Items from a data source

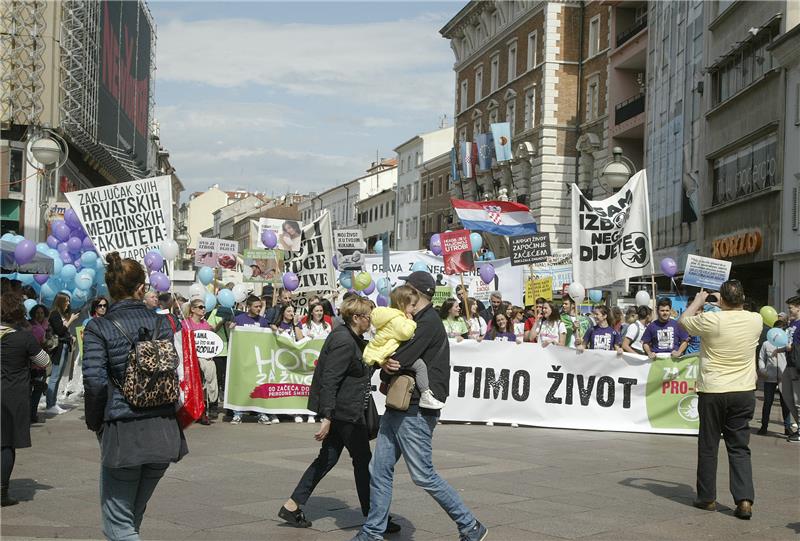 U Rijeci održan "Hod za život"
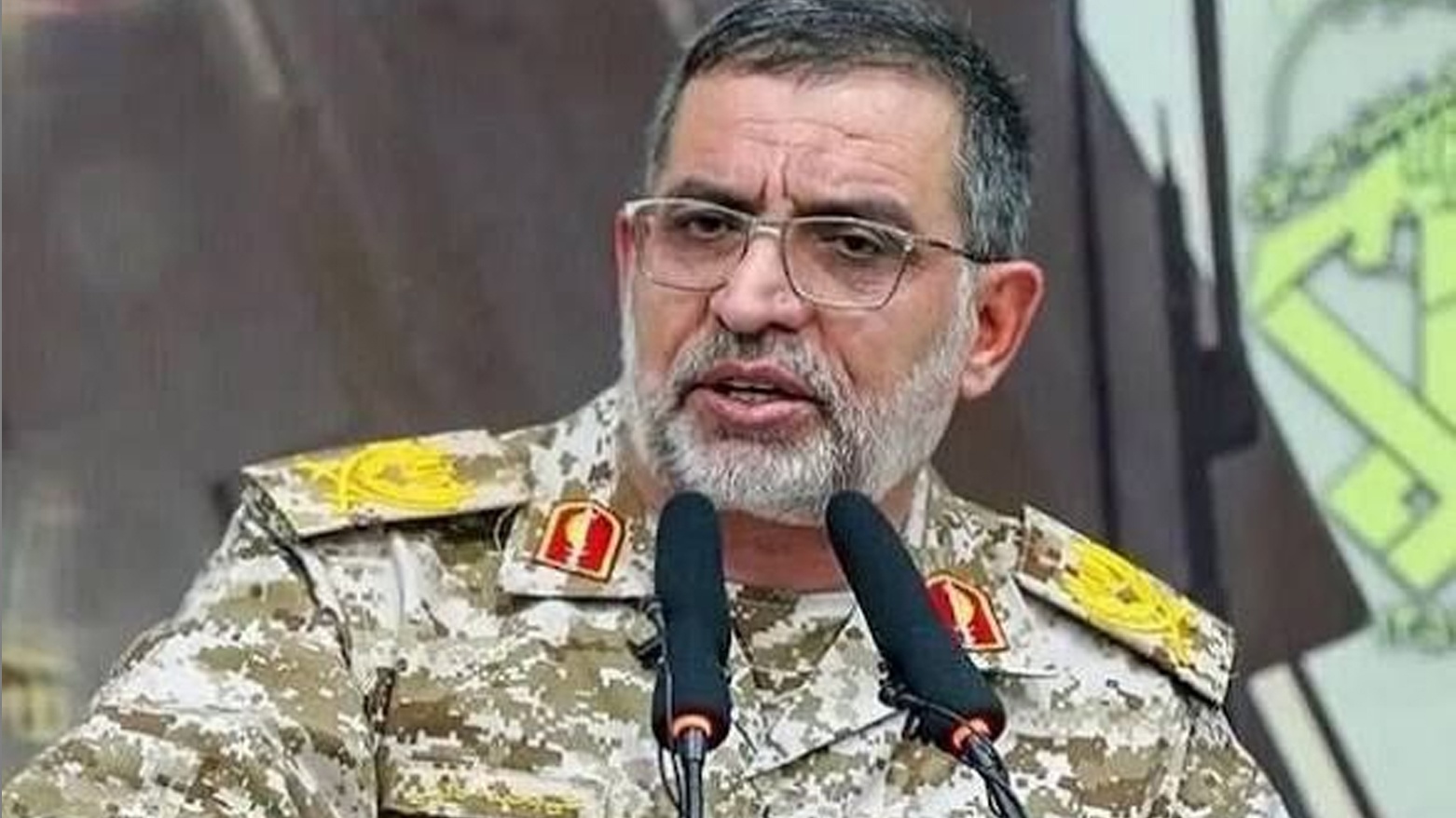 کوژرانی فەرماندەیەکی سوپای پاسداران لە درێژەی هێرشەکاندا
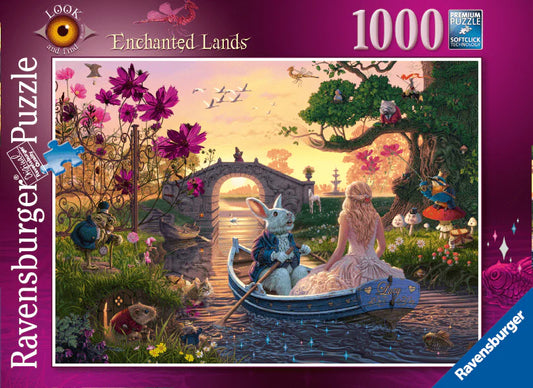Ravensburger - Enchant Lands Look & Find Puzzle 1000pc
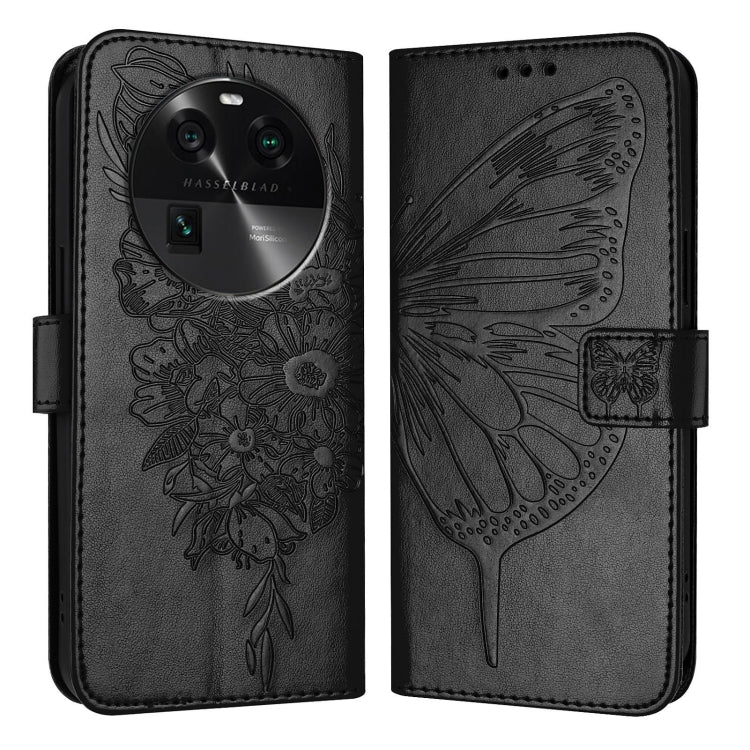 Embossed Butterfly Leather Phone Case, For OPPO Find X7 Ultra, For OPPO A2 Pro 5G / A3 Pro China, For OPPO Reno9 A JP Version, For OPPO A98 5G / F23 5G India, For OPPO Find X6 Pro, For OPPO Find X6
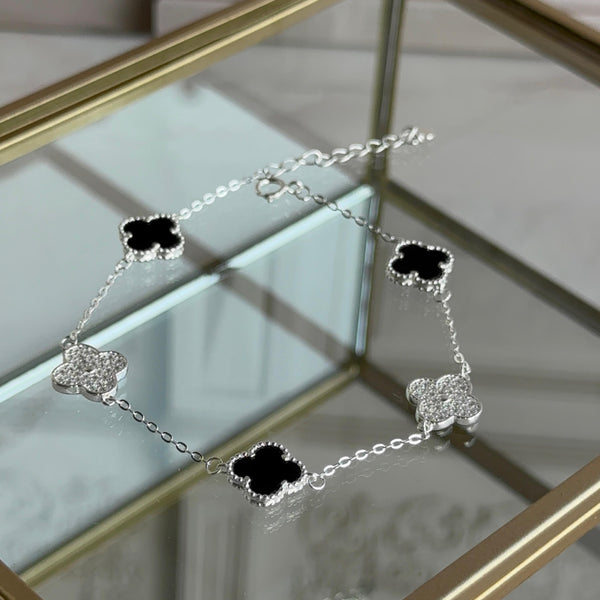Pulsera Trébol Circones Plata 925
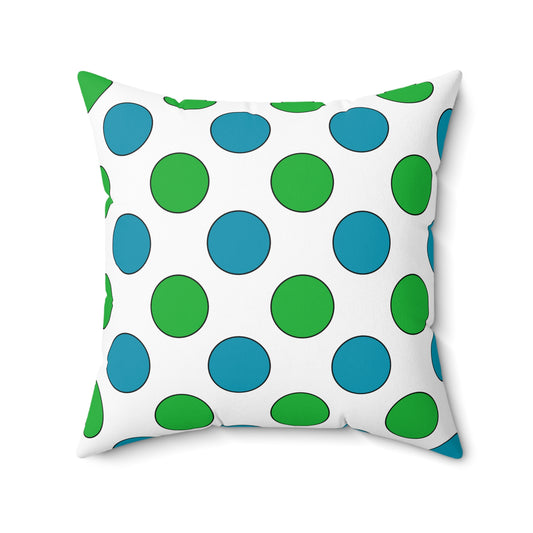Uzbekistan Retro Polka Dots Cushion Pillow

## Assignment
Render the records above word for word and leave the pictures out.

## Written answer
 U Rijeci održan "Hod za život"
 کوژرانی فەرماندەیەکی سوپای پاسداران لە درێژەی هێرشەکاندا
Ravensburger - Enchant Lands Look & Find Puzzle 1000pc
 Embossed Butterfly Leather Phone Case, For OPPO Find X7 Ultra, For OPPO A2 Pro 5G / A3 Pro China, For OPPO Reno9 A JP Version, For OPPO A98 5G / F23 5G India, For OPPO Find X6 Pro, For OPPO Find X6
Pulsera Trébol Circones Plata 925
Uzbekistan Retro Polka Dots Cushion Pillow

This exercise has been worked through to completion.